- _INFORMATION GIVEN_:
::::
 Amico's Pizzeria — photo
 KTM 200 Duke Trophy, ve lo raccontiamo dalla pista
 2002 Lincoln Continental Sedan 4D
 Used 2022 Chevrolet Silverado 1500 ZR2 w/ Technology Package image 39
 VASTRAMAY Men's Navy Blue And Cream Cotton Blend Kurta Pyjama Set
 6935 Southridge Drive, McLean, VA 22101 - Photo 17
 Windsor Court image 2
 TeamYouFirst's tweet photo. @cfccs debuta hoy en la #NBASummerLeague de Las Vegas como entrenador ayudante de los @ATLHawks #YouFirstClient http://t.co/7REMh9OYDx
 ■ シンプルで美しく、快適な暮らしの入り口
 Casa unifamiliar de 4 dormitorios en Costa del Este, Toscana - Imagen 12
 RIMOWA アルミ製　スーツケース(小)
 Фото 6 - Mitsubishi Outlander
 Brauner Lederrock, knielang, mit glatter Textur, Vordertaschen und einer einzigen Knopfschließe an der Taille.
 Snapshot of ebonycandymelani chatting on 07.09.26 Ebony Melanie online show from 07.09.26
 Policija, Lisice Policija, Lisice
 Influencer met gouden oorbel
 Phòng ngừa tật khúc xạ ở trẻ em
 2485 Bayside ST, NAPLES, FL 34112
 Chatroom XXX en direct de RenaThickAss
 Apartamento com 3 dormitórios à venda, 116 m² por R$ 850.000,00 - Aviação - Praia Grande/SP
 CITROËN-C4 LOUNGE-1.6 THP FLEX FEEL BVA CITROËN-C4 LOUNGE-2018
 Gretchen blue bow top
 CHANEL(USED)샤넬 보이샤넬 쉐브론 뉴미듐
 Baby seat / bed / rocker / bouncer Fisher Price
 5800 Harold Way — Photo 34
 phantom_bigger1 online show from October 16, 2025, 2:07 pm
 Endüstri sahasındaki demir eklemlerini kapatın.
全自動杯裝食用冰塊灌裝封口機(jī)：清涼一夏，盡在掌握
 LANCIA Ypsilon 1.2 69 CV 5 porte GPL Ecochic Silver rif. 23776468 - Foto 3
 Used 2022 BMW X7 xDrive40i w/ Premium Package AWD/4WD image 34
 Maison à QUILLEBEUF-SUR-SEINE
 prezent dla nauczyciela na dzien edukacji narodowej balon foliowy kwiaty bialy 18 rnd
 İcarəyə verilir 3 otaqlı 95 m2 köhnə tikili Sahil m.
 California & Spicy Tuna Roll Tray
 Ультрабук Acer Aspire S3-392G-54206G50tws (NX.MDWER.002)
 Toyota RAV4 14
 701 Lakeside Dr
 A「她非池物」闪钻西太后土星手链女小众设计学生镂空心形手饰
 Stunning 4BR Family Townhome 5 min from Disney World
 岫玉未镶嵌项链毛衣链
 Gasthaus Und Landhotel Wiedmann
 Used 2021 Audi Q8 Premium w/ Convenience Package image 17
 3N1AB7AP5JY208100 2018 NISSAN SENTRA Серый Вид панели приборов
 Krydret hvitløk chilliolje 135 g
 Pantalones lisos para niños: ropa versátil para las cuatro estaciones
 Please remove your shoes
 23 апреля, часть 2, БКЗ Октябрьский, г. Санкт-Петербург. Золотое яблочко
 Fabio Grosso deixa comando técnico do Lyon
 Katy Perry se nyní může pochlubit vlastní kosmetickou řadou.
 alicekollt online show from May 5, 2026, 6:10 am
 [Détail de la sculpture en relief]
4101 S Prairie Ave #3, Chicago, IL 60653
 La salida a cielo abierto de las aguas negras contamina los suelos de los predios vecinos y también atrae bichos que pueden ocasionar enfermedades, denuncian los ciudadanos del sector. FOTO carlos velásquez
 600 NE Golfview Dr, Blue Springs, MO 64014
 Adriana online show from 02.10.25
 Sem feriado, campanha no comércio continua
::::
In the entries above, please find the line with "Фото 6 - Mitsubishi Outlander" and the line with "全自動杯裝食用冰塊灌裝封口機(jī)：清涼一夏，盡在掌握", then write out exactly those two lines and every line between them, and nothing more.

- _ANSWER FOR THE TASK_:
 Фото 6 - Mitsubishi Outlander
 Brauner Lederrock, knielang, mit glatter Textur, Vordertaschen und einer einzigen Knopfschließe an der Taille.
 Snapshot of ebonycandymelani chatting on 07.09.26 Ebony Melanie online show from 07.09.26
 Policija, Lisice Policija, Lisice
 Influencer met gouden oorbel
 Phòng ngừa tật khúc xạ ở trẻ em
 2485 Bayside ST, NAPLES, FL 34112
 Chatroom XXX en direct de RenaThickAss
 Apartamento com 3 dormitórios à venda, 116 m² por R$ 850.000,00 - Aviação - Praia Grande/SP
 CITROËN-C4 LOUNGE-1.6 THP FLEX FEEL BVA CITROËN-C4 LOUNGE-2018
 Gretchen blue bow top
 CHANEL(USED)샤넬 보이샤넬 쉐브론 뉴미듐
 Baby seat / bed / rocker / bouncer Fisher Price
 5800 Harold Way — Photo 34
 phantom_bigger1 online show from October 16, 2025, 2:07 pm
 Endüstri sahasındaki demir eklemlerini kapatın.
全自動杯裝食用冰塊灌裝封口機(jī)：清涼一夏，盡在掌握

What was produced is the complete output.